On August 27, Superintendent Karen Salmon stood with Governor Hogan in a chaotic, confusing press conference and announced that she was “strongly encouraging” schools to re-evaluate their school reopening plans and return to in-person instruction quickly. To aid this effort, the two announced that $10 million in federal funding was being offered to local districts who “who are able to move toward in-person instruction at the end of the first marking period.”
Many educators thought that meant $10 million per school. Or at least $10 million per district.
Nope.
That was $10 million statewide. That amounts to $11 per public school student. Is $11 adequate to keep students and educators safe?
Nope.
At a legislative hearing last month, local superintendents in Maryland pegged the needed per pupil funding at $486, based on calculations by the School Superintendents Association (AASA) and the Association of School Business Officials (ASBO).
Oh, and the $10 million that they announced on August 27 appears to be gone…mostly to private schools and higher education institutions.

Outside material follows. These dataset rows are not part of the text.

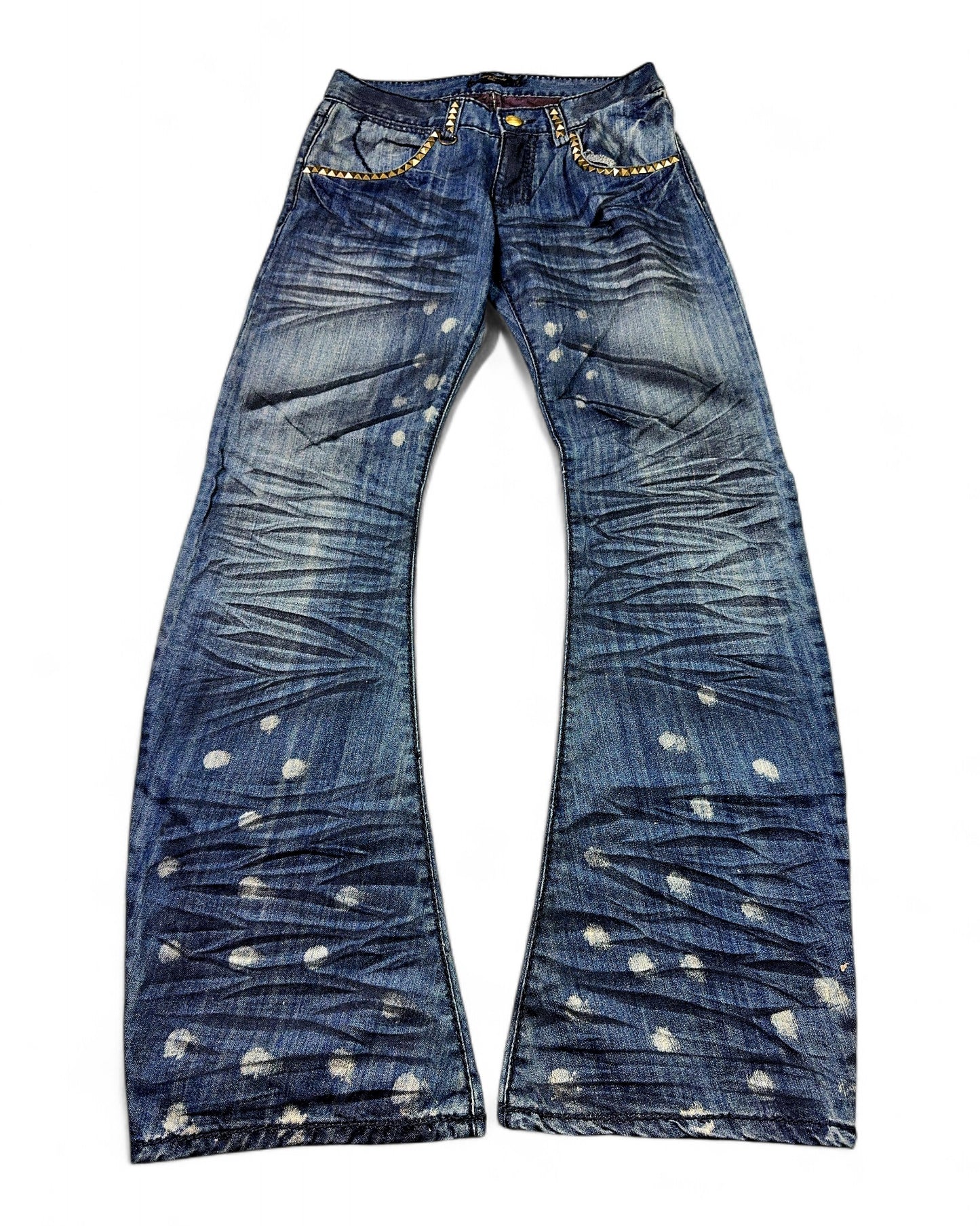 2000's Luxury Gender Japanese Archive Bootcut Jeans *very rare 30x32 (M)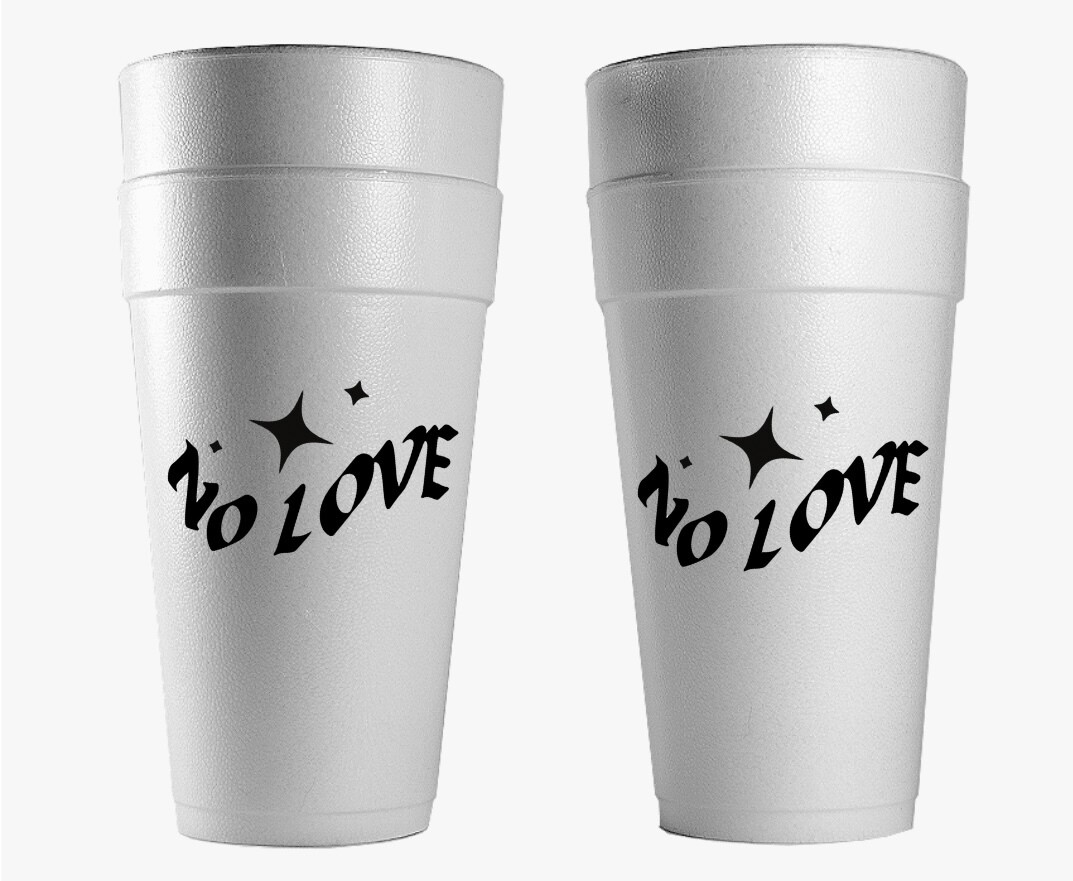 NO LOVe double cup (4 pack)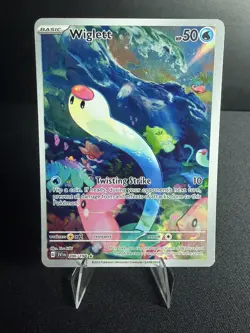 Wiglett Scarlet and Violet Base Set Pokemon TCG Card 206/198 NM Condition - Image 3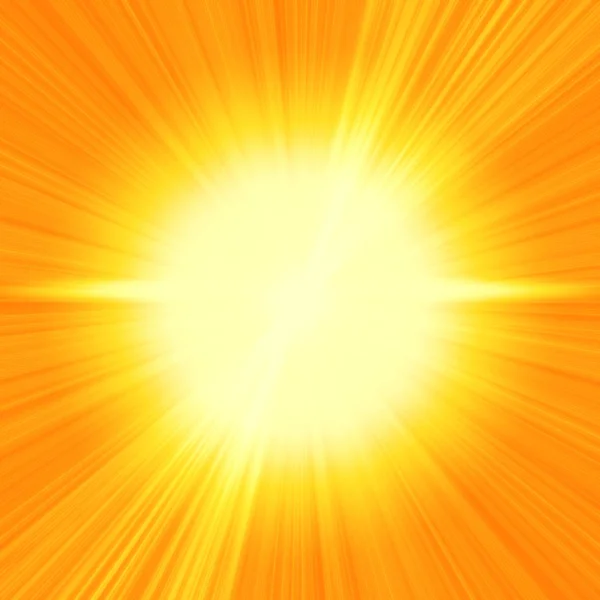 太阳与射线抽象背景 — 图库照片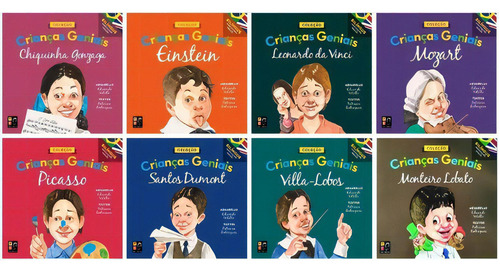  Coleção Crianças Geniais - Coleção C/ 8 Livros Belíngue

On September 9, Hogan and Salmon made a confusing and quiet announcement sharing that $10 million in federal coronavirus relief aid from the CARES Act had in fact already been sent to a number of schools. The governor and superintendent’s initial surprise announcement in August of the availability of the $10 million was vague concerning how that money would be distributed. They also didn’t explain the reopening criteria that were used to select recipients. And in the end, their September 9 announcement revealed that just a third of that money went to underfunded K-12 traditional public schools, while a third went to a handful of private and parochial schools so dear to the governor and US Secretary of Education Betsy DeVos and another third went to higher education institutions.
Hogan and Salmon announced the availability of the $10 million in aid as if it were a vast sum available to public schools, when what it really amounted to when it was ultimately distributed was about $4 per public school student. That amount would never begin to address the needs that exist to reopen schools safely, including needed upgrades to ventilation systems and providing the PPE and supplies required on an ongoing basis to conduct in-person education for 900,000 students during this life-threatening pandemic.
Here’s how the recipients break down by area:
Total | % of total | |
Public Schools | $3,274,163 | 33.11% |
Private Schools | $1,505,697 | 15.23% |
Higher Ed | $3,889,182 | 39.33% |
Contract Schools | $313,968 | 3.18% |
Charter Schools | $904,483 | 9.15% |
$9,887,493 |
Public schools received just 33% of the funds, with non-public schools receiving almost as much. If you were to break down the funds per student it would be totally inequitable. For example, two private schools and one charter school each received more than Montgomery County, the state’s largest public school system.
Then on September 21, Hogan and Salmon announced $10 million in grant funding administered by the Maryland State Department of Education (MSDE) for schools around the state if they plan to reopen to in-person instruction in the second quarter. Local school systems, including the SEED School, the Maryland School for the Blind, and the Maryland School for the Deaf, are eligible to apply for this funding, which again came from the federal government.
With no assurances of providing equipment and supplies to safely and sustainably reopen, the governor and superintendent are again dangling completely inadequate funding to the tune of a possible $11 per student to pressure locals to reopen, with applications due October 2.
If you’re keeping score, that’s $4 from the first grant and $11 from the second grant for a total of $15 per public school student despite local superintendents saying it would take $486 per student to reopen safely. The governor and superintendent are funding 3% of what local superintendents say is necessary.
The $486 per student figure would mean that we need roughly $450 million in new funding to reopen school buildings safely. The governor and superintendent have offered a very small fraction of that. And don’t forget that earlier this summer Gov. Hogan proposed more than $340 million in cuts to public schools. While the Board of Public Works stopped more than $100 million of those cuts, the governor still reportedly plans to propose at least $230 million in cuts to school funding for the next fiscal year. The state’s $10 million offer is pretty meaningless in the face of an exponentially larger potential cut down the road.
This is a PR stunt, not a serious strategy or attempt to provide the funds that are necessary to reopen schools safely. We cannot be distracted or fooled and must instead continue to fight for the safe reopening that protects the health of educators, students, and families.